TASK ITEM: Retype the entries exactly, but skip the pictures.

Image-text web data
[Start of section]

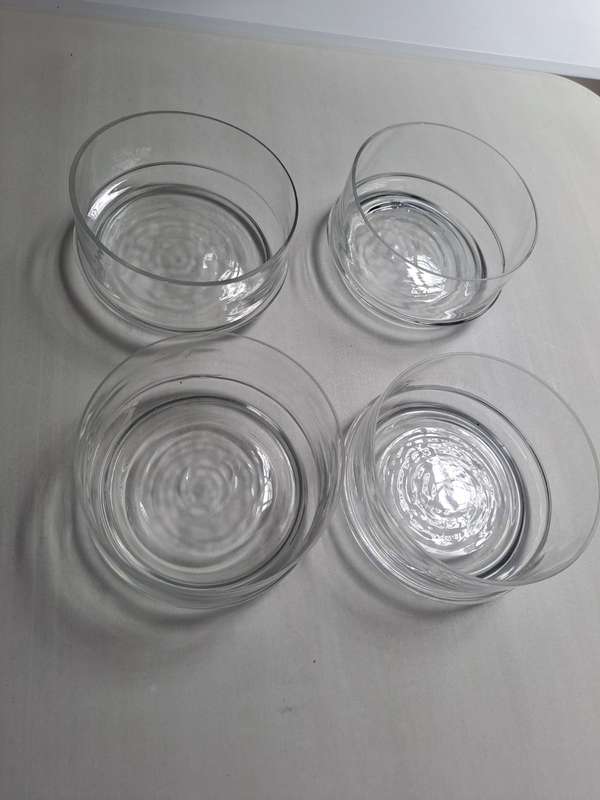 Juego de 4 Bowls de Vidrio Transparente  - ¡Excelente Estado!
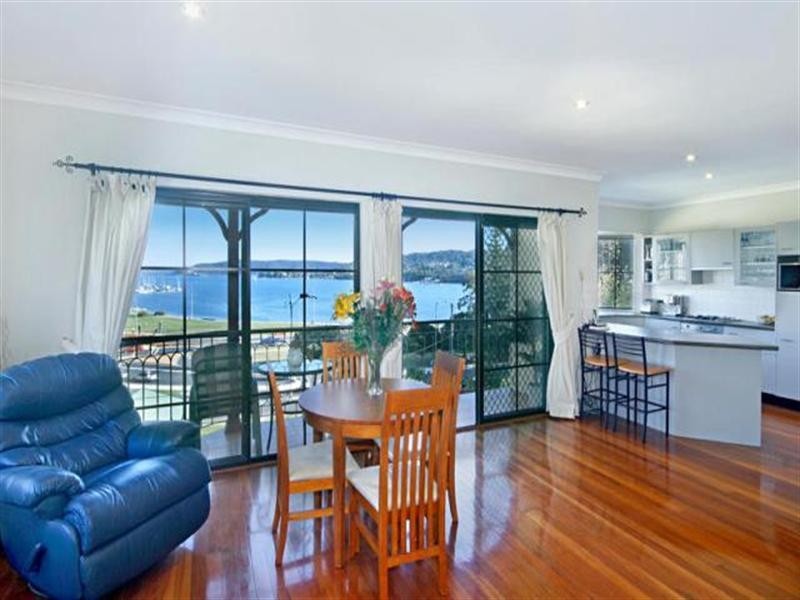 1/4 Broadview Avenue, Gosford NSW 2250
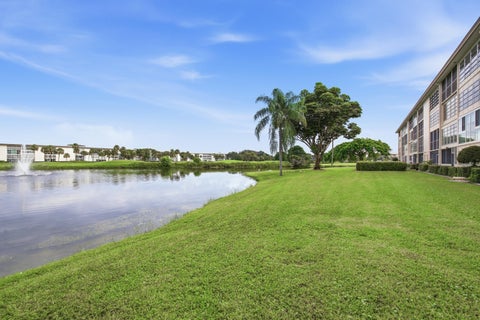 Tiny photo for 2905 Victoria Place #J3, Coconut Creek, FL 33066 (MLS # B26083791)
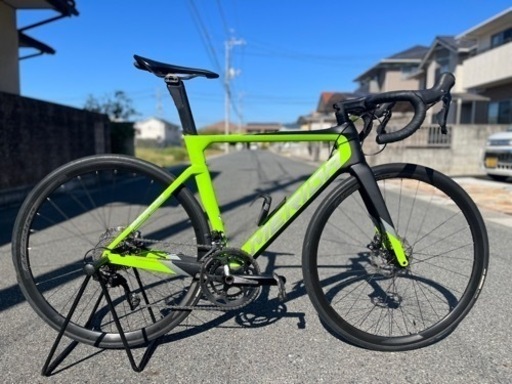 メリダ  REACTO DISC 4000 カーボンロードバイク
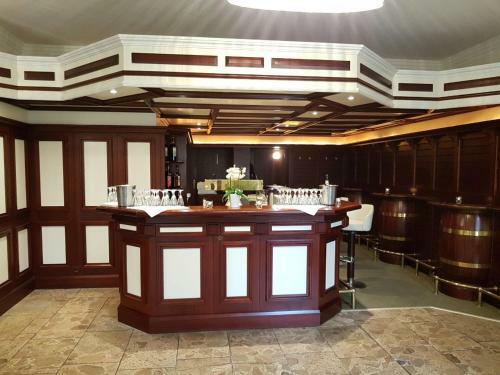 Bed & Breakfast Hotel Waldschl��chen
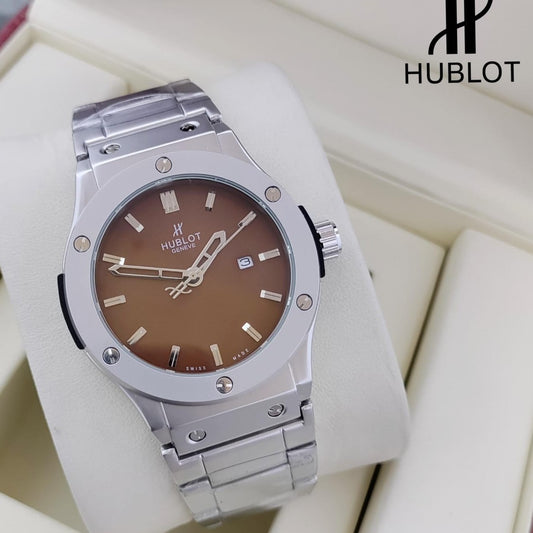 HUBLOT EXCLUSIVE NOW IN TRANDING HOT PRODUCT ALLOVER IN OMAN | HUBLOT 1777936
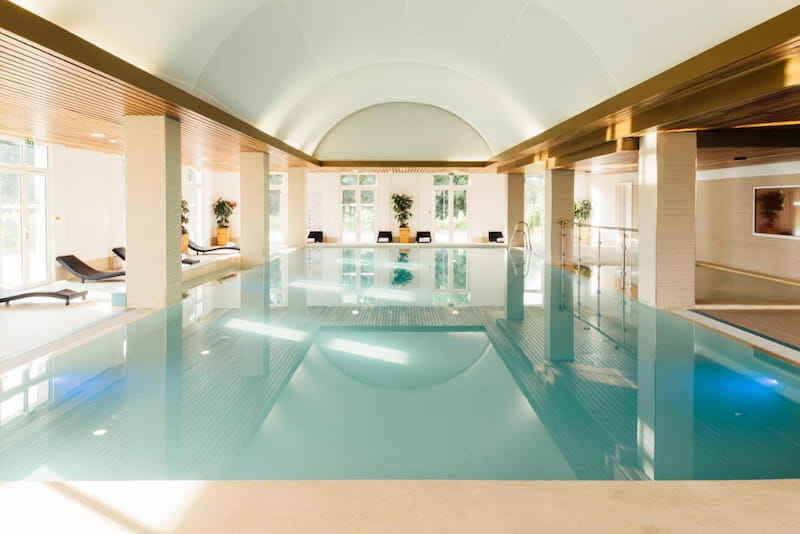 Piscina del Grand Magic Hotel Marne La Vallee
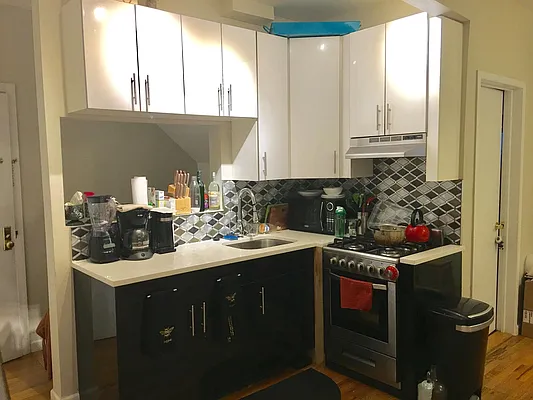 Rented by Miron Realty Group | media 2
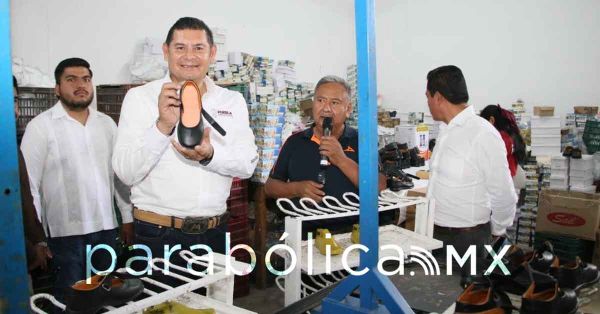 Entrega Armenta casi un mill&oacute;n de uniformes y zapatos escolares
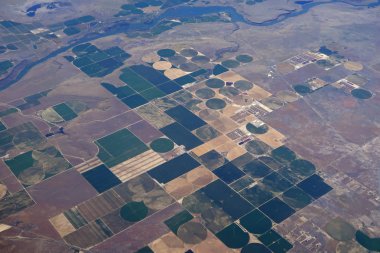 Oregon'daki dairesel alanların havadan görünümü.
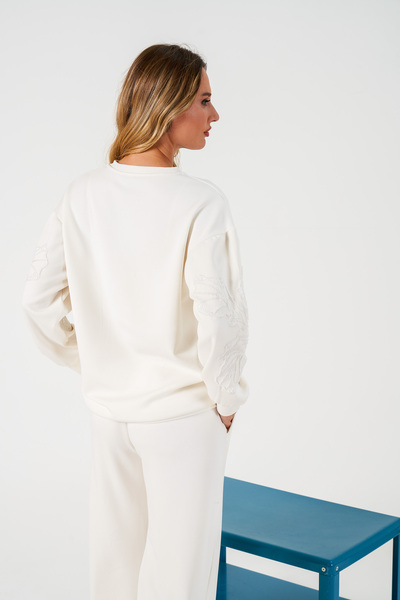 MİA NOURA طقم سويت شيرت نسائي مطرز من الأمام والأكمام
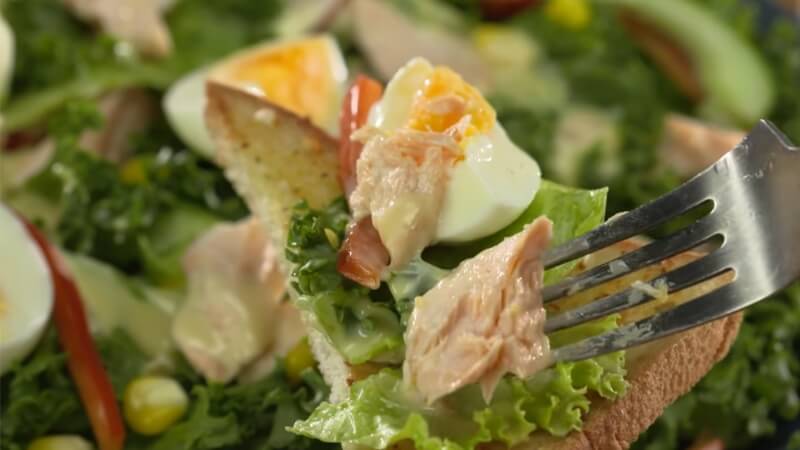 Thưởng thức món salad cá hồi sốt mayonnaise khi còn tươi mát Thưởng thức món salad cá hồi sốt mayonnaise khi còn tươi mát
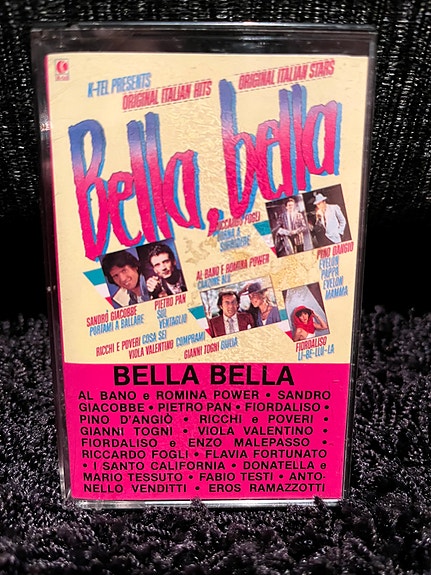 Bella, Bella C-kasetti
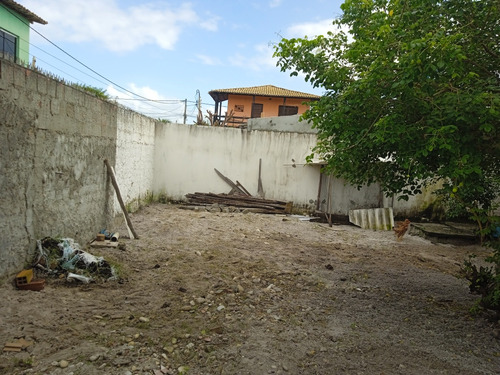 Casa Dois Quartos Amplos,sala Banheiro,cozinha,garagem Três
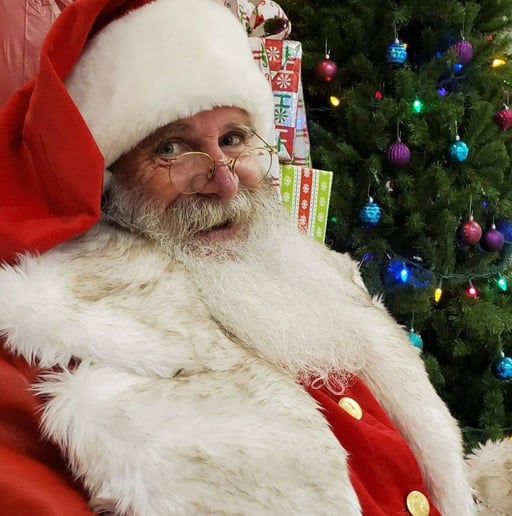 Gallery photo 2 of Santa Chet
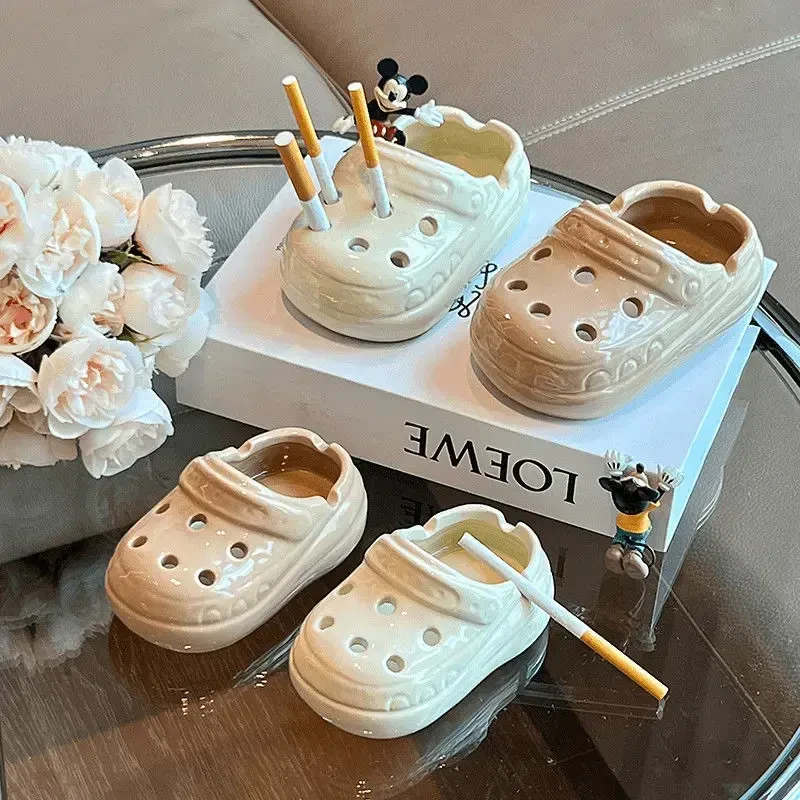 洞洞鞋烟灰缸高颜值陶瓷烟灰缸办公室家用客厅桌面烟缸潮流网红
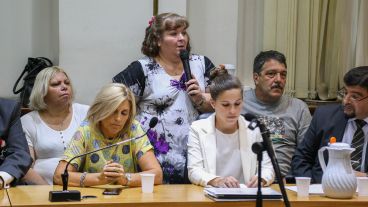 De pie, Rozana Michl. A su lado, Strumia.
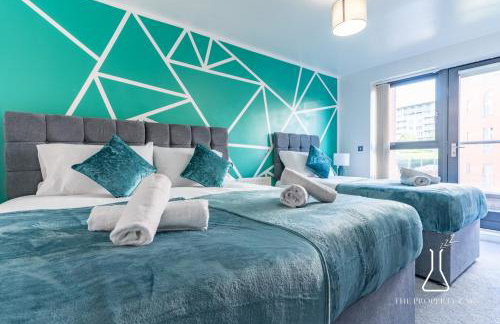 Luxury Birmingham City Centre Townhouse with BALCONY- Sleeps 10 - FREE Parking - Perfect for Contractors, Business Travellers, Families and other Groups - Near Bullring, Newstreet, Selfridges, NEC, NIA & Birmingham airport - Photo 23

[End of section]

SOLUTION TO THIS TASK:
 Juego de 4 Bowls de Vidrio Transparente  - ¡Excelente Estado!
 1/4 Broadview Avenue, Gosford NSW 2250
 Tiny photo for 2905 Victoria Place #J3, Coconut Creek, FL 33066 (MLS # B26083791)
 メリダ  REACTO DISC 4000 カーボンロードバイク
 Bed & Breakfast Hotel Waldschl��chen
 HUBLOT EXCLUSIVE NOW IN TRANDING HOT PRODUCT ALLOVER IN OMAN | HUBLOT 1777936
 Piscina del Grand Magic Hotel Marne La Vallee
 Rented by Miron Realty Group | media 2
 Entrega Armenta casi un mill&oacute;n de uniformes y zapatos escolares
 Oregon'daki dairesel alanların havadan görünümü.
 MİA NOURA طقم سويت شيرت نسائي مطرز من الأمام والأكمام
 Thưởng thức món salad cá hồi sốt mayonnaise khi còn tươi mát Thưởng thức món salad cá hồi sốt mayonnaise khi còn tươi mát
 Bella, Bella C-kasetti
 Casa Dois Quartos Amplos,sala Banheiro,cozinha,garagem Três
 Gallery photo 2 of Santa Chet
 洞洞鞋烟灰缸高颜值陶瓷烟灰缸办公室家用客厅桌面烟缸潮流网红
 De pie, Rozana Michl. A su lado, Strumia.
 Luxury Birmingham City Centre Townhouse with BALCONY- Sleeps 10 - FREE Parking - Perfect for Contractors, Business Travellers, Families and other Groups - Near Bullring, Newstreet, Selfridges, NEC, NIA & Birmingham airport - Photo 23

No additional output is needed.